Она подняла метафизическую пипетку с чудовищным ядом и капнула в водопровод. Установилось предсмертное молчание.

— Как этот товарищ докажет нам свою бдительность? — она уставила в Мотылька сухой палец.

Старые глаза ее горели испепеляющей силой истины. Когда она переводила взор на прочих, в воздухе какое-то время оставался след, как от чирканья тлеющим угольком в кромешном помещении, где, может, шел до этого многочасовой допрос и откуда тело, ставшее плотским кулем, уволокли и допросную лампу потушили.

Старуха смолкла, но экстаз и ужас, порожденные ею, неторопливо опадали еще какое-то время.

После такого выступления члены партгруппы уже были готовы расписаться в собственном оппортунизме, если бы им раздали заполненные признательные протоколы.

О мотыльковской Венгрии все позабыли, будто и не знали этого слова вообще.

Да какая такая братская Венгрия с товарищ Янош Кадром?

Или товарищем Яношем Кадером?

— Тьфу, забыл! — говорил себе автоматически еще целый месяц он.

А партийные события братской Венгрии минувших десятилетий?

Зря только Мотылек учил состав венгерского ЦК и второго секретаря политбюро, вообще не выговариваемого после первого, простого, товарищ Януш Кадара.

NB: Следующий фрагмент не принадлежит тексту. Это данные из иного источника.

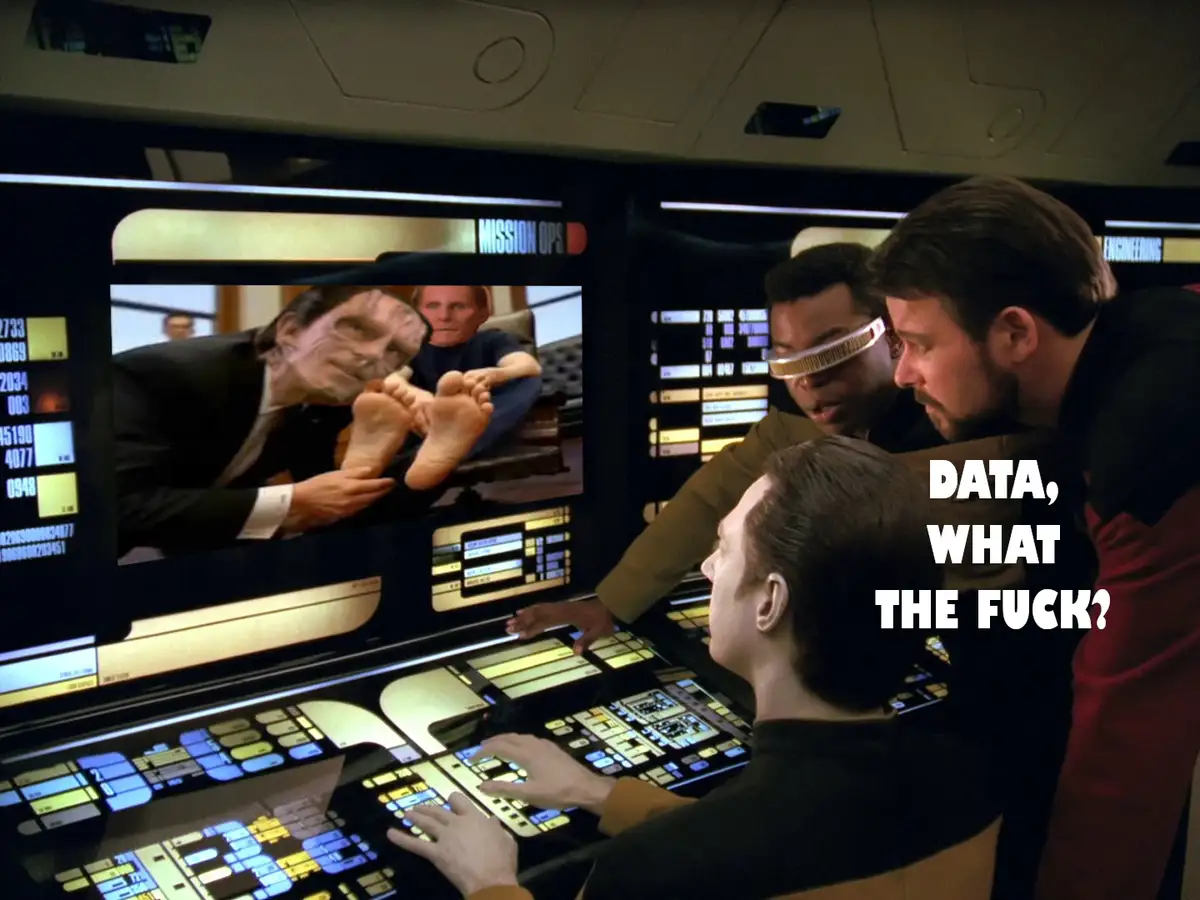In a Star Trek bridge scene, crew members look at a screen showing a man in a suit staring at another man's bare feet. White…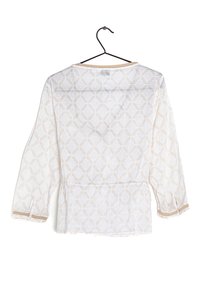 Blusa blanca semitranslúcida de manga larga con patrón de diamantes y ribetes beige en los puños y el escote, colgando de una percha negra sobre un fondo blanco.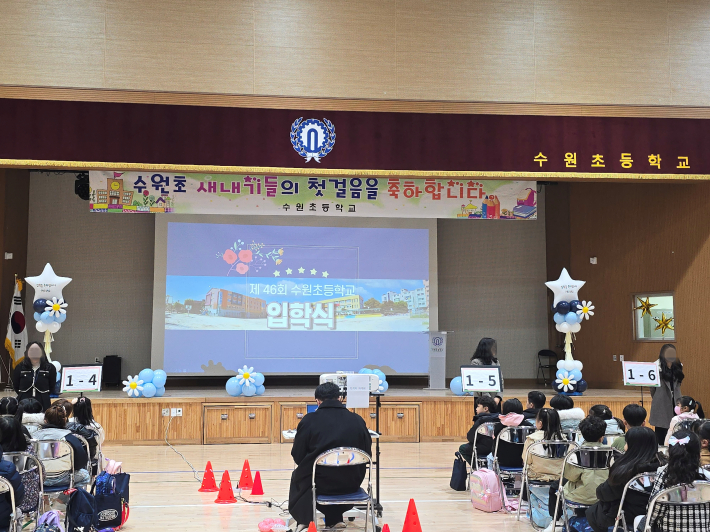 수원초등학교 강당에서 열린 제46회 입학식에 신입생과 학부모들이 참석해 있다.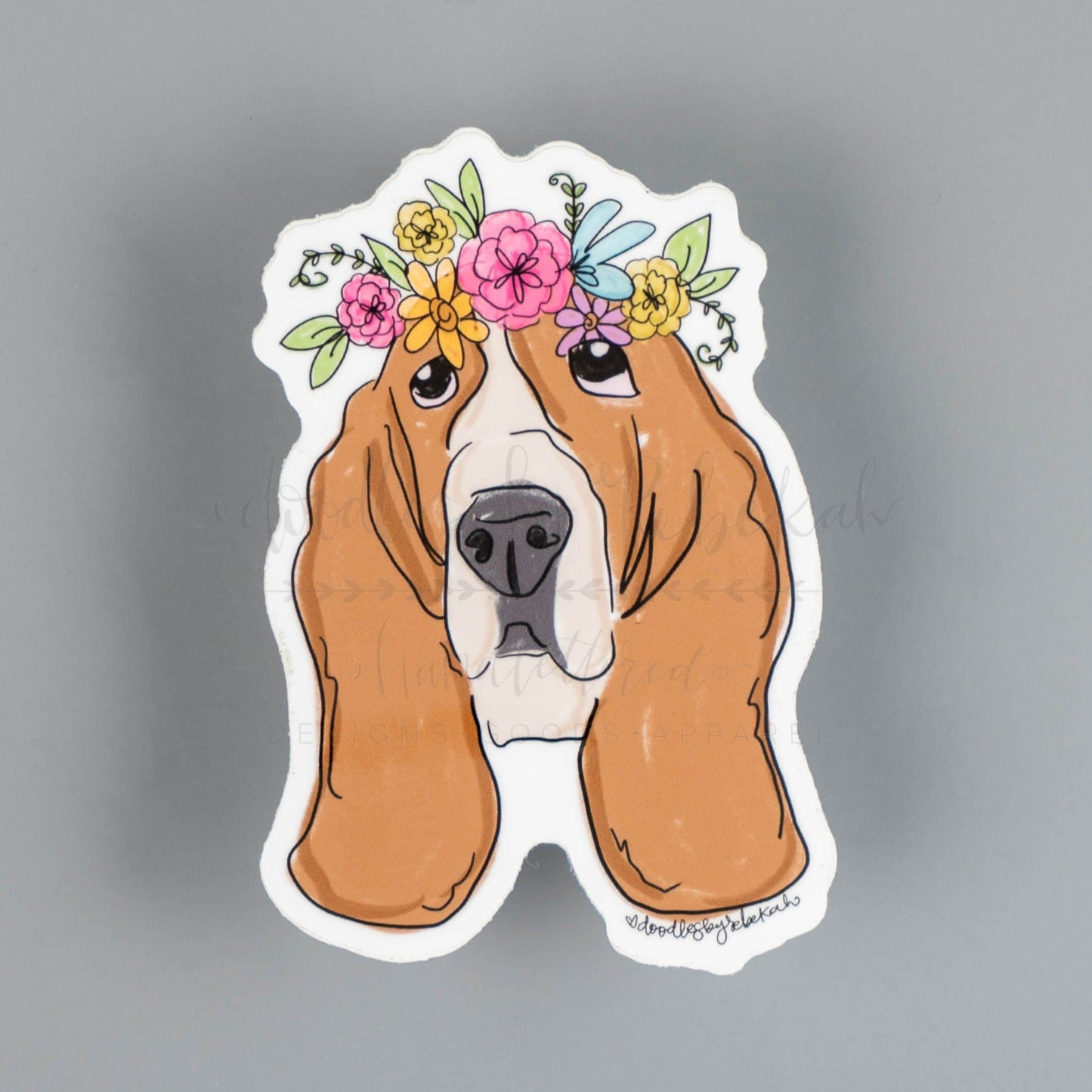 A sticker depicting a Basset Hound dog with a floral crown design.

И он стер навсегда из ума список прогрессивных композиторов Венгрии: Ференц Лист, Дюла Фаркаш, Имре Кальман, Золтан Кодаи и Бела Барток, черпавших из народа все.

Катись к чертовой матери автобусный завод желтых «Икарусов» в Секешфехерваре.

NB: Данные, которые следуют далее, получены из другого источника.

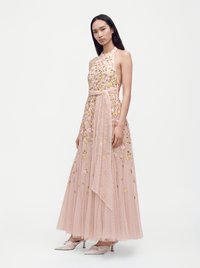 Femme portant une robe rose sans manches brodée de fleurs avec une ceinture transparente et des chaussures à talons bas pointues, debout sur un fond blanc.
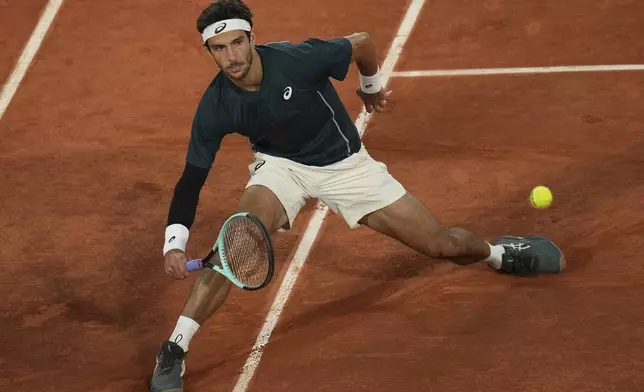 Italy's Lorenzo Musetti returns the ball to Denmark's Holger Rune during their fourth round match of the French Tennis Open, at the Roland-Garros stadium, in Paris, Sunday, June 1 2025. (AP Photo/Christophe Ena)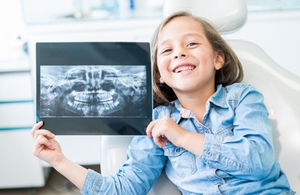 Child holding xray image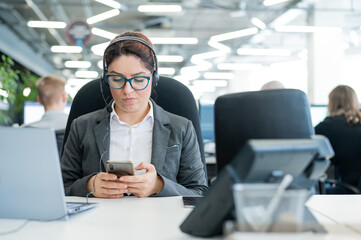 Business woman dressed in a headset is bored and uses a smartphone while sitting at a desk. Female...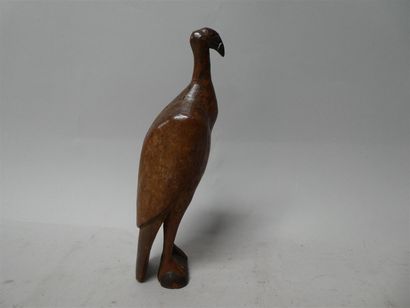 null Un cimier de coiffe vautour en bois sculpté polychrome, patine d'usage, Afrique,...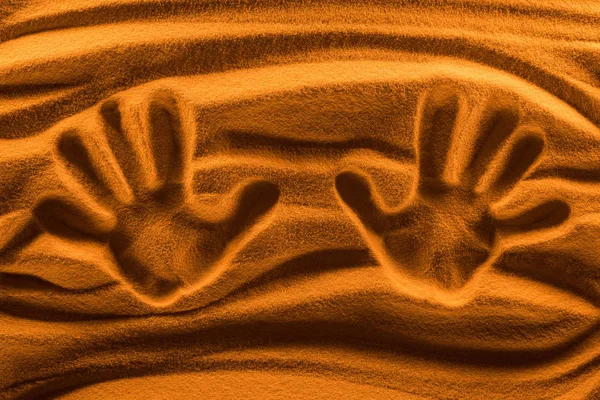 Vista dall'alto dei segni della mano sulla sabbia con filtro colore e onde lisce — Foto stock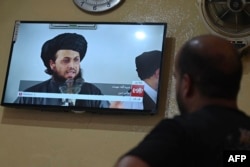 In this picture taken in September 2021, a man at a restaurant watches a live television broadcast showing a religious scholar speaking in Kabul.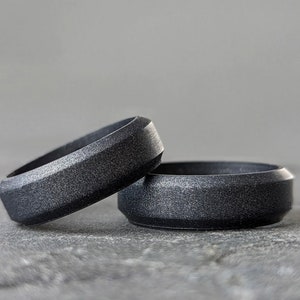 Op de afbeelding: Twee donkergrijze ringen met een getextureerd oppervlak en een geometrisch ontwerp. De ringen zijn gemaakt van een mat materiaal en worden gepresenteerd op een grijze ondergrond. De ringen zijn een moderne interpretatie van een klassiek accessoire.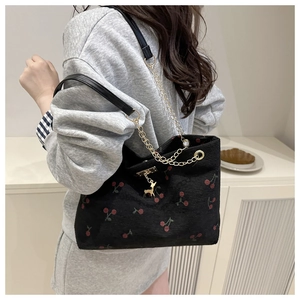 Detailansicht der schwarzen Kordtasche mit Kirschprint und goldenem Hirschanhänger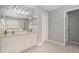 Bright bathroom with a dual sink vanity, a large mirror, and a shower with glass doors at 5914 Falconwood Pl, Lithia, FL 33547
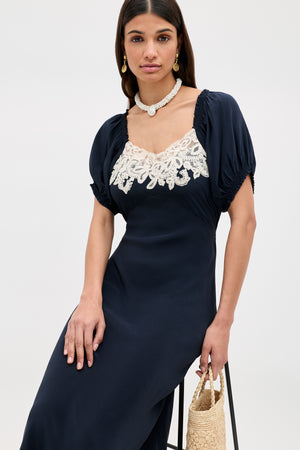 A woman in the Ilaria - Deep Navy dress with puffed sleeves and white lace neckline detail, accessorized with pearls and a woven straw bag, sits on a stool against a plain background.
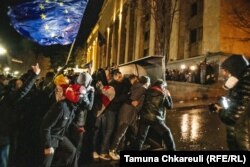 Протестующие движутся в сторону полицейского спецназа, прикрываясь щитом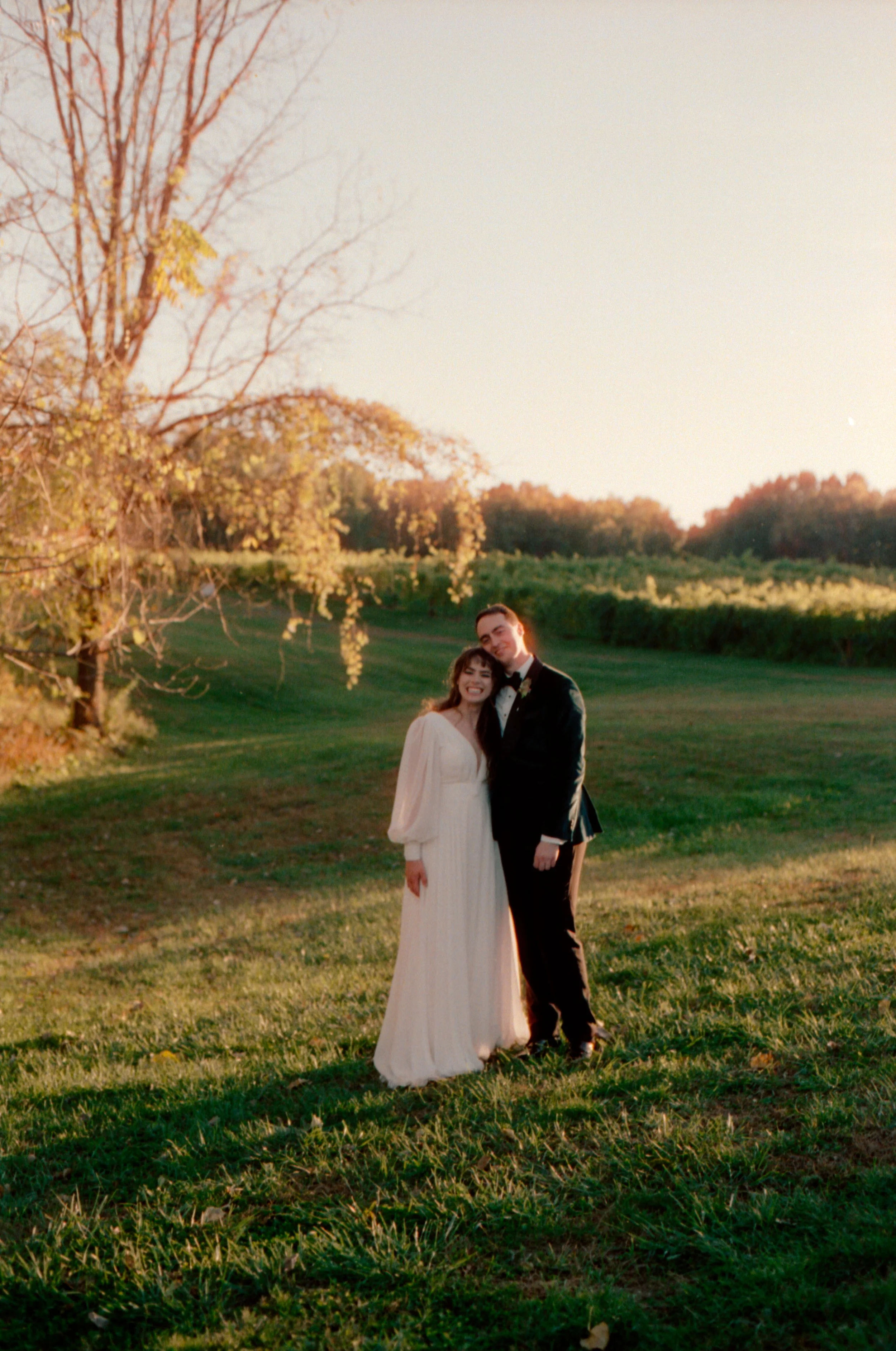 LBW105-bride-groom-posing-smiling-at-sunset.jpg
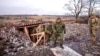 FILE - Russian Defense Minister Sergei Shoigu, center, walks out of a trench, escorted by a group of officers as he inspects Russian troops at an undisclosed location in Ukraine, Dec. 22, 2022, in this photo taken from video released by Russian Defense Ministry Press Service.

Туда же консервированный горошек «Глобус» и одноименные маринованные томаты с кислинкой.

Гори огнем национальная валюта братской Венгрии — форинт, равный ста филлерам.

Гори попутно философ-марксист Дьердь Лукач, подвергнутый глубокой критике за многократные отклонения от линии.

А к какой группе, товарищ никуда не выезжающий, относится венгерский язык?

Его никто об этом не спросит.

Да к финно-угорской, товарищи…

Мотылька несколько дней не отпускало чувство, что он насилу унес ноги.

Он впервые в жизни на короткое мгновение почувствовал, что история — не мерное поступательное движение по лестнице времени с удобным эволюционным шагом, а скрипящее вращение жерновов, порождающее плотскую пыль, уносимую неукротимым сквозняком к чертовой матери безвозвратно.